Quello della vergine Maria, in primis…
«Sì, lo sguardo di Maria, modello di virtù ed emblema della Chiesa nel momento in cui accetta di divenire Madre di Dio. Un messaggio che gli reca l’arcangelo Gabriele che pur dipinto con sembianze umane appare come ombra proiettata su Maria dalla forte luce divina, e seppure conserva le ali che ci riportano al passato rimane assolutamente innovativo nel suo essere incorporeo e puramente spirituale.»
Per questo motivo non hai dipinto un’ambientazione d’interni?
Esatto, ho voluto che la scena di questa Annunciazione fosse ambientata in una cornice talmente semplice da sembrare quasi inconsistente. Manca la stanza in cui si sono svolti i fatti, ne percepiamo l’esistenza solo ai piedi delle due figure che, una fisica – l’altra incorporea, sono gli assoluti protagonisti di quell’attimo passato, presente , futuro. Lo sfondo è descritto con pochi particolari in modo da non distrarre l’attenzione dello spettatore dal momento in cui l’Angelo annuncia alla giovane Maria quale sarà il suo destino. Maria leggeva la Sacra Scrittura, in ebraico “Torà” quando l’ombra di un angelo innalzato da una luce sfolgorante illuminò la notte. La Torà le cadde dalle mani e la luce della lampada che le aveva rischiarato la lettura divenne fioca e quasi si spense sotto quel vento d’ali celesti.
Maria è lo strumento fondamentale attraverso cui si realizza il progetto divino.

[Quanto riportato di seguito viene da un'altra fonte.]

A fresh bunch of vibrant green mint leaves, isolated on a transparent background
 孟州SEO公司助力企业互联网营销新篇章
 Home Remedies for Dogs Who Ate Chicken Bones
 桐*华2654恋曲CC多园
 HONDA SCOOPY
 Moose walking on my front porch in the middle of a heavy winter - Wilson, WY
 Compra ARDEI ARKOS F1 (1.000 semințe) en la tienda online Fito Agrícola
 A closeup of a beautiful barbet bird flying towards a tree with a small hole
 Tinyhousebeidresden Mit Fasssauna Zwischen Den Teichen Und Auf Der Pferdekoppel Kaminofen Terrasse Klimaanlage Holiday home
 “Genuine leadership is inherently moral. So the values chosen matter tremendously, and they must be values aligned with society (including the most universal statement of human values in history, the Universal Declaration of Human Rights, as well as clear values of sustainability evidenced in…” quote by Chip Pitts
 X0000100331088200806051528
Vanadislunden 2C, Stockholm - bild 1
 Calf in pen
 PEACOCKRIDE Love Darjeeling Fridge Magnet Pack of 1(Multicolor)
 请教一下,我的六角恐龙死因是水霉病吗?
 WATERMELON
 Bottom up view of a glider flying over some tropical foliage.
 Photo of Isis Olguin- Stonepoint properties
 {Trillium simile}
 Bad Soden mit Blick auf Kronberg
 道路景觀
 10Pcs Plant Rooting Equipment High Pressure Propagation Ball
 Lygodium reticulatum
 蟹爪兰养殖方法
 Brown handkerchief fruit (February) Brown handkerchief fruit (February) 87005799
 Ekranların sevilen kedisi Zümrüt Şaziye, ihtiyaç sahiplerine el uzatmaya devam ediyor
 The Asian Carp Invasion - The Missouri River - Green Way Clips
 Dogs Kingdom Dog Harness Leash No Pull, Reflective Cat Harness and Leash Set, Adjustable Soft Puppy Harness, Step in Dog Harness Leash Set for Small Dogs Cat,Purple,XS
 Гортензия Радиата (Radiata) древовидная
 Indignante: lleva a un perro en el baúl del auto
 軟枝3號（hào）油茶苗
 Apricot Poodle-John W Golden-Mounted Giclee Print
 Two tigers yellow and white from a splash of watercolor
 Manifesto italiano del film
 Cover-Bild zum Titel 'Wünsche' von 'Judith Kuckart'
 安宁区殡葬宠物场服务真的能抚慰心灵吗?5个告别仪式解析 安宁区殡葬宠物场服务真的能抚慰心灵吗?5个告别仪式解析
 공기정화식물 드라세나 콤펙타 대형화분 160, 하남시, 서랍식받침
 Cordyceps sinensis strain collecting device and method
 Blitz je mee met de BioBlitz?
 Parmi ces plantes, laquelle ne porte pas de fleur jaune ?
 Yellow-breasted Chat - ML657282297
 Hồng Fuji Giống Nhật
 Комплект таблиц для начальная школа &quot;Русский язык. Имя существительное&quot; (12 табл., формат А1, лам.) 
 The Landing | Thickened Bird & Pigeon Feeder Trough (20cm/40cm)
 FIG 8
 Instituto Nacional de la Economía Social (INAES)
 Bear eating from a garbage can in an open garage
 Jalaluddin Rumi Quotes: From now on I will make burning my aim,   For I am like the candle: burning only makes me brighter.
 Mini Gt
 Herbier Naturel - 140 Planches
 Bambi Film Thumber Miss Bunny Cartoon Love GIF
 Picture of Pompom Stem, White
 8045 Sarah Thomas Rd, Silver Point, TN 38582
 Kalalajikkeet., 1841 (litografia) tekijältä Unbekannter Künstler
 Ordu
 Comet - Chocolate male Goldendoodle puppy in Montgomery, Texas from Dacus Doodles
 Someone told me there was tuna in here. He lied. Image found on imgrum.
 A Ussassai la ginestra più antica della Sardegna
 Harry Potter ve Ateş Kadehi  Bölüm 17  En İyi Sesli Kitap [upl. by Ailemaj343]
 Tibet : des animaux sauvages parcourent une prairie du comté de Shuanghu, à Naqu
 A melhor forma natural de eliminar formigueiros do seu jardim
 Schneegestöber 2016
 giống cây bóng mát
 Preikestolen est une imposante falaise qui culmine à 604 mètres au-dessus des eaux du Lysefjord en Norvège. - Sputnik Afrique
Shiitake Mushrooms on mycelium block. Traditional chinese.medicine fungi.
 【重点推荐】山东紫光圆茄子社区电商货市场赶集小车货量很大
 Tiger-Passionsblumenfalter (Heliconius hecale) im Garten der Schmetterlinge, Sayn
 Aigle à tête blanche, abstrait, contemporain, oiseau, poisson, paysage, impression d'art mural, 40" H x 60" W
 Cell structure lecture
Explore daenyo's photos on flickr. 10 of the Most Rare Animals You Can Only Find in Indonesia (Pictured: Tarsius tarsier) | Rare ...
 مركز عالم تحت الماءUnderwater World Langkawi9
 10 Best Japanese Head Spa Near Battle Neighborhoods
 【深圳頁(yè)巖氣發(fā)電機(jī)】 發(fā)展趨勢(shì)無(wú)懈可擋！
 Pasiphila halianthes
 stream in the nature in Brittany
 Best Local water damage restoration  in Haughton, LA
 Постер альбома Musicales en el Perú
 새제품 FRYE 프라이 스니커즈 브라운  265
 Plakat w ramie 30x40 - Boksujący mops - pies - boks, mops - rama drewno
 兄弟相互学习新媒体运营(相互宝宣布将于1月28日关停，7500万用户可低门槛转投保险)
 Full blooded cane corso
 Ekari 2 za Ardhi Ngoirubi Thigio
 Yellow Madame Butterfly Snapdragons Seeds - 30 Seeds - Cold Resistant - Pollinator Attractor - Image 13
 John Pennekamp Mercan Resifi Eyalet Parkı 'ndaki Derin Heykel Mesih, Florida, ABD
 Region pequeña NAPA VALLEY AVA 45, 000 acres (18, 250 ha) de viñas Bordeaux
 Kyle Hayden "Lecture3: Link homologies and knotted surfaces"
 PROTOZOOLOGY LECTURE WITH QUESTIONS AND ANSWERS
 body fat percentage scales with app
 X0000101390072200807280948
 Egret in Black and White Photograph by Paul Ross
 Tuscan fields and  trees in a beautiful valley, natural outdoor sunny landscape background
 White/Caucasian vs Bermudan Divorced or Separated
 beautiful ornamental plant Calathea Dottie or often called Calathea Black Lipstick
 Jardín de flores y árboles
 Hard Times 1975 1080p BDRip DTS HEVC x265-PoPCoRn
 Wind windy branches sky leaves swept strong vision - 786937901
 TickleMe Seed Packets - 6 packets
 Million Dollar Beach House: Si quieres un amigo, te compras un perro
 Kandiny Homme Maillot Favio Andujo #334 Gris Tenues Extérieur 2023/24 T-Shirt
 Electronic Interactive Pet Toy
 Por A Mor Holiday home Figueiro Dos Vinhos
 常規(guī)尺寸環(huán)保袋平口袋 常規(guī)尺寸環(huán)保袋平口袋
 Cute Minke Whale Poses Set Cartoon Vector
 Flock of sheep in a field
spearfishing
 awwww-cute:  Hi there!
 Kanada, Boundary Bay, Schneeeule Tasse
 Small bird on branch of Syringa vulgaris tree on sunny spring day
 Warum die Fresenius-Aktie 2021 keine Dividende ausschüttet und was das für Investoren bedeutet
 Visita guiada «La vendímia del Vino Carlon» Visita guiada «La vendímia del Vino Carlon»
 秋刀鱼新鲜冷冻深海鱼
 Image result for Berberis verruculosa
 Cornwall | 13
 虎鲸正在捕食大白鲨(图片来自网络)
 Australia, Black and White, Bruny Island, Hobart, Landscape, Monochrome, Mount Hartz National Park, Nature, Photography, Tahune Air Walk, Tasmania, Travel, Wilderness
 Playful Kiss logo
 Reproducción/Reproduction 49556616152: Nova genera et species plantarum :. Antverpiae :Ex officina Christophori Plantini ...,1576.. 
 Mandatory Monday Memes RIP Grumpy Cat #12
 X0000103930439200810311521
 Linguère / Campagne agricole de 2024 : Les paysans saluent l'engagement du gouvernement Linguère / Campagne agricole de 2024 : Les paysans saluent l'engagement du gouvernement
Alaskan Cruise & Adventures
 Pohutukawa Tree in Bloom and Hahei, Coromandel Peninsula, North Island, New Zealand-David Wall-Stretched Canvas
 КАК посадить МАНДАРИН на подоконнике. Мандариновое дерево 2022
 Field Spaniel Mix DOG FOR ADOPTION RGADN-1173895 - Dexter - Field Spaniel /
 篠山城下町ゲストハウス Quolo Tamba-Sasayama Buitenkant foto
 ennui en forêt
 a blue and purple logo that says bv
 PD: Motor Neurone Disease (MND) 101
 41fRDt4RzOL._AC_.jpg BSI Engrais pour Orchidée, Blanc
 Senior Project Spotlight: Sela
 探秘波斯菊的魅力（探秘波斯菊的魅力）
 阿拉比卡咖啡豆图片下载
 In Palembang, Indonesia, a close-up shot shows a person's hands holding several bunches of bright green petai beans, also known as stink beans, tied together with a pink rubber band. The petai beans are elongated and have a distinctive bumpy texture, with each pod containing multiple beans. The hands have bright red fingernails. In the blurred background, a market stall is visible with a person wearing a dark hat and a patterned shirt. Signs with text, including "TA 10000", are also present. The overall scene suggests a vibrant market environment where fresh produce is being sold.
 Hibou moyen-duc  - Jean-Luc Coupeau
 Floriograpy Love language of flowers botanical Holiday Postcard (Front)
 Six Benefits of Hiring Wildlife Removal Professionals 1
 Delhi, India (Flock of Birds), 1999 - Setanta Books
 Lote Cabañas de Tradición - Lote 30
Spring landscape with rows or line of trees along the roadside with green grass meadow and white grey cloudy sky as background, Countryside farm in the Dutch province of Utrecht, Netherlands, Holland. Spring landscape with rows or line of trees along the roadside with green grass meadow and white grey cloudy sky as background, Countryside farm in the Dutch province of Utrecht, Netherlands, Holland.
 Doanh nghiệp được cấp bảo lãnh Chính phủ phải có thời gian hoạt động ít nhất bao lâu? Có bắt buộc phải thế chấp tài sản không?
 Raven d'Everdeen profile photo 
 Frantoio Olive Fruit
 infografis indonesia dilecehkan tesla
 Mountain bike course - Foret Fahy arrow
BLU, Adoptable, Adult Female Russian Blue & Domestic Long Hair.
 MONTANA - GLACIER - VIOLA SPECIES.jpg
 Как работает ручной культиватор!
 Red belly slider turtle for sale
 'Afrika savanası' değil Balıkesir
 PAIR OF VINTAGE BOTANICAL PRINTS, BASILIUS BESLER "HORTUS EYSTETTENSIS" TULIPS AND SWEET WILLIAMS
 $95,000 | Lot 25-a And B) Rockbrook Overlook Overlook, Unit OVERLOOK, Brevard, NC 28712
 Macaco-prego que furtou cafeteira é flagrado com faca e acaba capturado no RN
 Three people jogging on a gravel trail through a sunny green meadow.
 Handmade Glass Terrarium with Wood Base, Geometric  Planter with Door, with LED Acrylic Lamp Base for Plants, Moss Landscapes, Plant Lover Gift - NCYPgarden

La Trasfigurazione invece è il tema della grande tela centrale che sovrasta l’altare, hai scelto di raffigurare un momento preciso
Anche per questo dipinto il riferimento è al Vangelo di Luca, quando Gesù si reca a pregare sul Monte Tabor portando con sé solo alcuni discepoli: Pietro, Giovanni e Giacomo. Le figure dei discepoli restano in ombra mentre la luce divina investe la figura di Gesù, tra i profeti Mosè ed Elia. In primo piano la fiammella accesa di una lampada, ancora una volta simbolo della fede.
Veniamo all’altro dipinto laterale, la Cena di Emmaus ispirata alla lettura dei versi del Vangelo di Luca “Quando fu a tavola con loro, prese il pane, disse la benedizione, lo spezzò e lo diede loro. Ed ecco si aprirono loro gli occhi e lo riconobbero. Ma lui sparì alla loro vista.”
In questa tela Gesù spezza il pane come nell’ultima cena ma, questa volta scompare nell’arco di un paesaggio – Gerusalemme – o una qualsiasi città del mondo. Perché Gesù nasce, muore e da Risorto torna a noi, Discepoli di Emmaus di oggi, che lo riconosciamo solo attraverso quel gesto dello spezzare il pane, L’Eucaristia che celebriamo.
Anche qui una scena scarna, con pochi elementi quasi in contrapposizione le mani dei discepoli nell’atto di afferrare quasi Gesù che hanno riconosciuto nel gesto del pane spezzato
Ogni parte del dipinto è costruito secondo proporzioni matematiche, per creare quell’ordine che, senza interferenze, tutto riporta agli occhi di Gesù, al suo sguardo che ci segue ovunque. Nessun disordine può corrispondere alla sua icona e al logos – perché logos è il Suo nome, e cioè proporzione e rapporto, perfezione del dire, comunicazione inequivocabile.
Soprattutto, il Logos detesta ogni ornamento, ogni divagare e ogni distrazione. Sulla tavola pochi elementi. Solo la prospettiva che si apre a noi e quasi ci invita a sedere a quella mensa. Il pane – il vino – La lampada accesa che simboleggia la fede.
Non solo a Carmiano, alcune tue opere figurano anche in altri luoghi prestigiosi a Parigi Roma, a Rheine (Germania).
Ho un bel ricordo di ciò che mi lega a Parigi ma la mia grande gioia è quando le mie opere entrano a far parte dei luoghi di culto.
Come la tela del Padre francescano Giuseppe Spoletini (1870-1951) Servo di Dio le cui spoglie riposano nella Chiesa di San Francesco a Ripa sotto il pavimento della Cappella dell’Annunciata nel punto in cui è stato collocato il mio dipinto, a pochi metri dalla Beata Ludovica Albertoni del Bernini.
A Rheine nella Cappella di Gertrudenstift ci sono tre opere, Una goccia di splendore ossia l’incontro tra la Veronica e Gesù, Le ultime parole di Cristo, la Morte non esiste più.